**Given material:**
*** Begin section ***

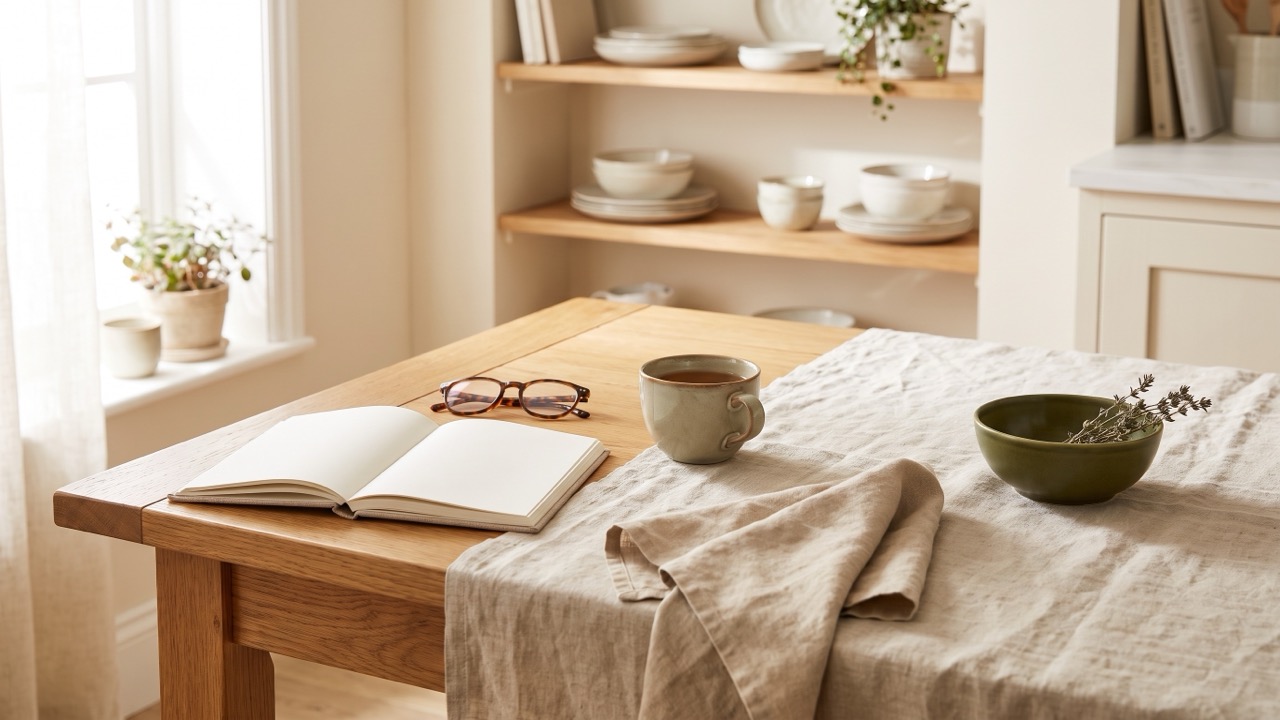 A kitchen table in morning light with an open notebook of handwritten notes, reading glasses and a cup of tea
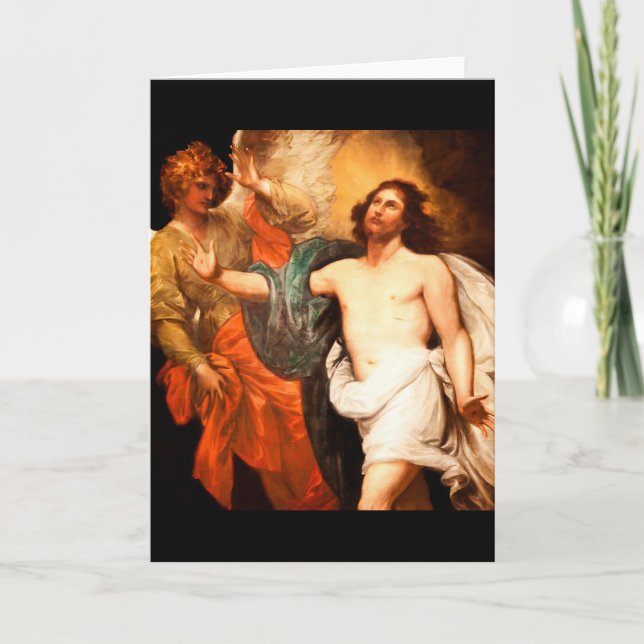Resurrected Christ Gazing Upward Holiday Card (Front)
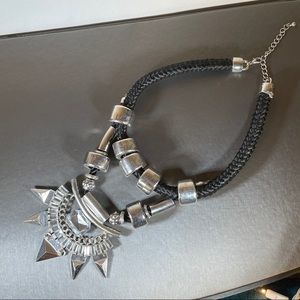 Statement Chunk Aztec Silvtone Luxurious Necklace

*** End section ***

**What the task asks:**
Word for word, repeat the lines of data above, omitting every picture.

**Answer below:**
 A kitchen table in morning light with an open notebook of handwritten notes, reading glasses and a cup of tea
Resurrected Christ Gazing Upward Holiday Card (Front)
 Statement Chunk Aztec Silvtone Luxurious Necklace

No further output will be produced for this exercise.